**Goal of the exercise:**
Reproduce the data below exactly. Skip the pictures.

**Recorded information:**
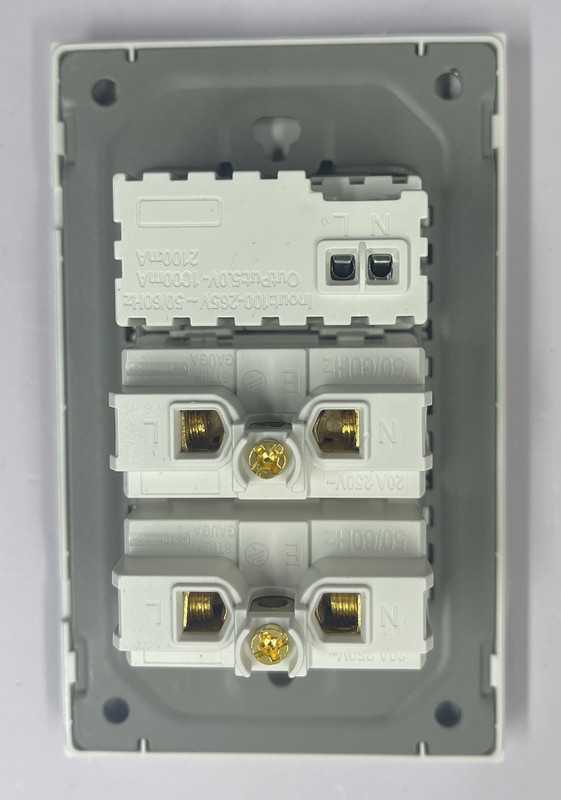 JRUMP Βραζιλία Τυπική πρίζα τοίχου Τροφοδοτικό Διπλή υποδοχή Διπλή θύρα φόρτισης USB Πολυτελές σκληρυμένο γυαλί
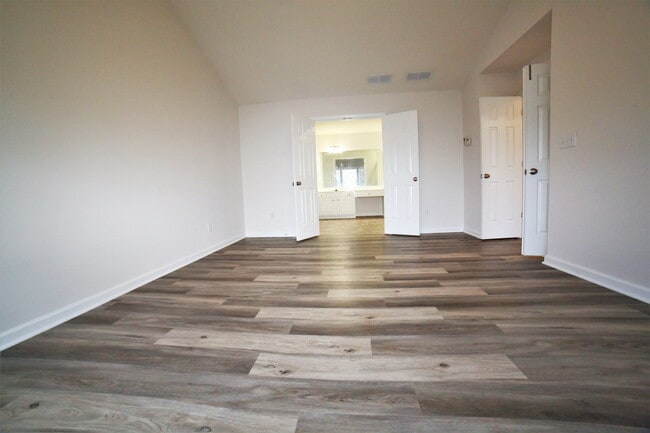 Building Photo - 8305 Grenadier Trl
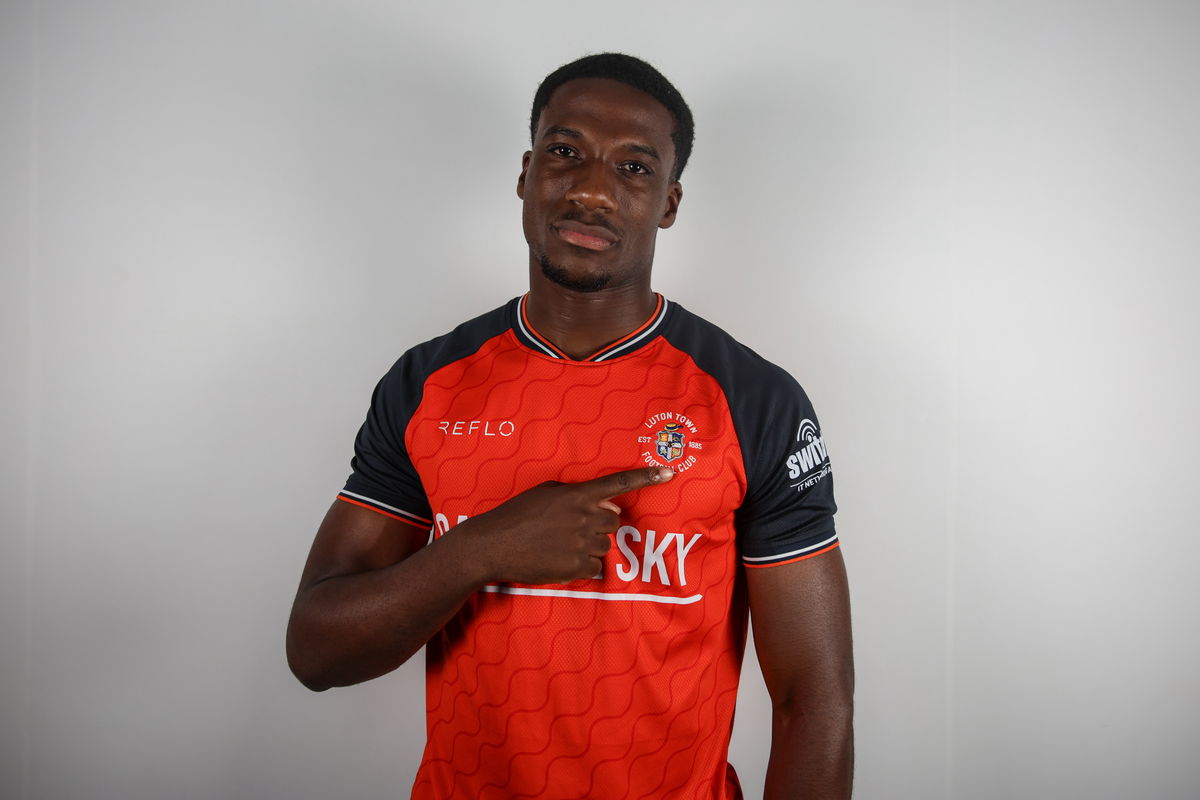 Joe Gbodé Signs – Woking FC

**Result:**
 JRUMP Βραζιλία Τυπική πρίζα τοίχου Τροφοδοτικό Διπλή υποδοχή Διπλή θύρα φόρτισης USB Πολυτελές σκληρυμένο γυαλί
 Building Photo - 8305 Grenadier Trl
 Joe Gbodé Signs – Woking FC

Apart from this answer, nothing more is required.